Look through the panoramic film photographs of Associated Press's Markus Schreiber taken ahead of Auschwitz liberation 75th anniversary. On Monday hundreds of survivors from across the world will come back to visit Auschwitz for the official commemorations.
Auschwitz's walls, barracks, and chambers tell the powerful story of the Holocaust. It was the largest Nazi extermination camp and has become a potent symbol of the terror.
We take a look through the panoramic film photographs of Associated Press's Markus Schreiber, taken ahead of Auschwitz liberation 75th anniversary. On Monday hundreds of survivors from across the world will come back to visit Auschwitz for the official commemorations.
Prisoners arrived in cramped, windowless cattle trains. At the infamous ramp at Auschwitz, the Nazis selected those they could use as forced labourers. The others — old people, many women and especially children and babies, were gassed to death soon after their arrival.
Gas chambers and crematoria were found blown up by the Nazis before fleeing in an attempt to hide evidence of their mass killings.

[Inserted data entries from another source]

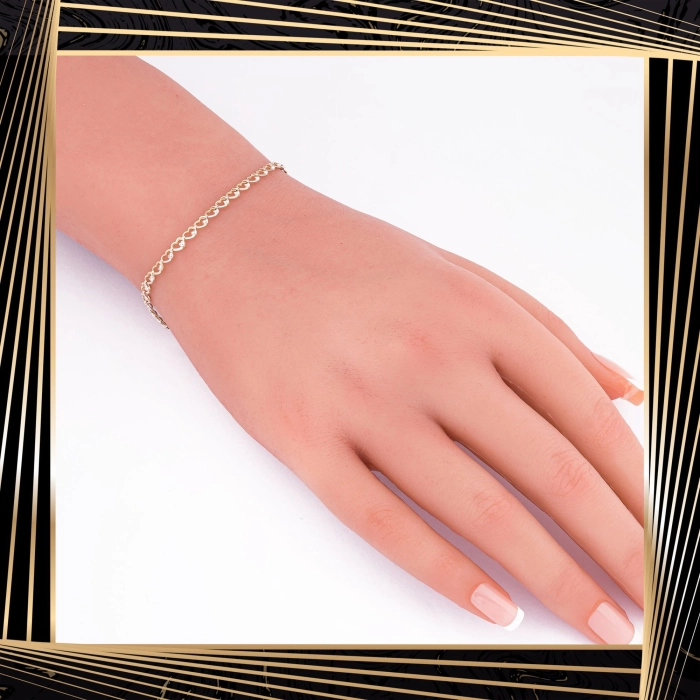 B342 Złota bransoletka z serduszkami. 585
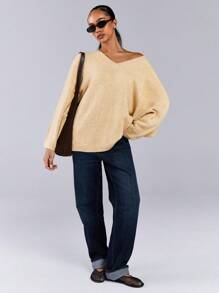 Athîral 女士宽松插肩袖针织毛衣，秋冬季休闲款 - 棕色 - 查看 6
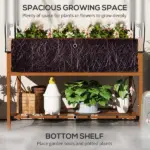 Outsunny Raised Garden Bed with Legs and Cover, Metal Elevated Planter Box with Bottom Shelf and Liner for Vegetables, Brown - Image 5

The watchtowers and some of the barracks where prisoners slept in cold, cramped conditions, are still intact.
In fact, Auschwitz is not one camp, but two. Auschwitz I, built in an abandoned Polish military base, operated as a camp for Polish prisoners, including Catholic priests and members of the nation's underground resistance again the German occupation. Auschwitz II, or Birkenau, a much bigger complex that was built later about three kilometres away to expedite the Nazis' Final Solution - a plan for the mass killing of Jews who were transported there from across Europe during World War II.
Auschwitz today is many things at once: an emblem of evil, a site of historical remembrance and a vast cemetery. It is a place where Jews make pilgrimages to pay tribute to ancestors whose ashes and bones remain part of the earth.